*Aim of the exercise:*
In the records below, begin at the line containing "クレール亀山 2LDKの間取図画像" and end at the line containing "Duke Womens Ivory"; quote every line in that span exactly, including both boundary lines, and no others.

Collected data entries
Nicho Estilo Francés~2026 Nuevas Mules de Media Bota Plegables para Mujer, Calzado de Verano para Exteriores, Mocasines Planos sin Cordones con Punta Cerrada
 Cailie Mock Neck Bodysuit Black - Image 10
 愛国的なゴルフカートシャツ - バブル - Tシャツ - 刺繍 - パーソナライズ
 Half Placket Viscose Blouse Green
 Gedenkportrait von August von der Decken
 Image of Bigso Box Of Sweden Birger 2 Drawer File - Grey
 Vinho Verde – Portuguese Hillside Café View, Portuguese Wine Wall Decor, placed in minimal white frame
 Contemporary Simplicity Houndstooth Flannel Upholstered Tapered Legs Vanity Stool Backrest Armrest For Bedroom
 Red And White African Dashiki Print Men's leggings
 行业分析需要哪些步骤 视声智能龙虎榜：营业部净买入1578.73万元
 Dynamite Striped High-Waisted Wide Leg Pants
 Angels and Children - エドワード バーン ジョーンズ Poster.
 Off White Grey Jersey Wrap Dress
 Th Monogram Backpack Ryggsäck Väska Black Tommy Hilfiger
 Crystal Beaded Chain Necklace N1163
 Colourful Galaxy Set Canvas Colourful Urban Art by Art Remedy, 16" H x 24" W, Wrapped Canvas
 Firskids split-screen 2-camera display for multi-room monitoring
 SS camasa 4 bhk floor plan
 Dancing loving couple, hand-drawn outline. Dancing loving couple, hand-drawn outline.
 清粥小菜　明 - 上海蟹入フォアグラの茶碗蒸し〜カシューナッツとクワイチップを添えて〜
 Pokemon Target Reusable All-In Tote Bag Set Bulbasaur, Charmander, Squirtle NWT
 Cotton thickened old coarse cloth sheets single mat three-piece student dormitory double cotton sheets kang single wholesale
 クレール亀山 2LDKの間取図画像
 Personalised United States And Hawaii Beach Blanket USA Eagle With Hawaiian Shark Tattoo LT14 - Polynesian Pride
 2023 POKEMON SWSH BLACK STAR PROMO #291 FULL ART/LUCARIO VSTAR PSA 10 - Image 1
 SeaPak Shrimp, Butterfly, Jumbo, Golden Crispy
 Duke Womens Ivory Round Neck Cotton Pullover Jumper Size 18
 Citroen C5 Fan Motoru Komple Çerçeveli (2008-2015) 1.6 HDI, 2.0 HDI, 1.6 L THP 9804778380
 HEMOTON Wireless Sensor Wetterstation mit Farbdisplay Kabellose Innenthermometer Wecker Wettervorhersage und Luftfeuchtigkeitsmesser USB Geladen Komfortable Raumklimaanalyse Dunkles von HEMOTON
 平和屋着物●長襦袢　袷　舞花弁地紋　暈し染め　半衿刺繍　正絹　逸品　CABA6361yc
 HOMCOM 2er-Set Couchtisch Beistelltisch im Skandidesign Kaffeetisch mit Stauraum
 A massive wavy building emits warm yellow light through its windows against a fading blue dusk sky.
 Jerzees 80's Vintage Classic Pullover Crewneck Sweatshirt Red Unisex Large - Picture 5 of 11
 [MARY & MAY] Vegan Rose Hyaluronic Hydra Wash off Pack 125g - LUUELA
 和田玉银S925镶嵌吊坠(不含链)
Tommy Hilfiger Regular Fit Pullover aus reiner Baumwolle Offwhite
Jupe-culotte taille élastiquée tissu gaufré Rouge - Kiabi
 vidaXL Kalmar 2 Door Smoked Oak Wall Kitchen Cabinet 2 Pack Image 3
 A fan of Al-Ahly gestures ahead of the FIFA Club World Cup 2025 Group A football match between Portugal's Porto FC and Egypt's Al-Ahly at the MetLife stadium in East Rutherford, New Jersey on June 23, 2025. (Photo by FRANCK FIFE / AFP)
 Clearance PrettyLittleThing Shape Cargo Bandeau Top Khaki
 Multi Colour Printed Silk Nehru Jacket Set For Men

*Answer to this task:*
 クレール亀山 2LDKの間取図画像
 Personalised United States And Hawaii Beach Blanket USA Eagle With Hawaiian Shark Tattoo LT14 - Polynesian Pride
 2023 POKEMON SWSH BLACK STAR PROMO #291 FULL ART/LUCARIO VSTAR PSA 10 - Image 1
 SeaPak Shrimp, Butterfly, Jumbo, Golden Crispy
 Duke Womens Ivory Round Neck Cotton Pullover Jumper Size 18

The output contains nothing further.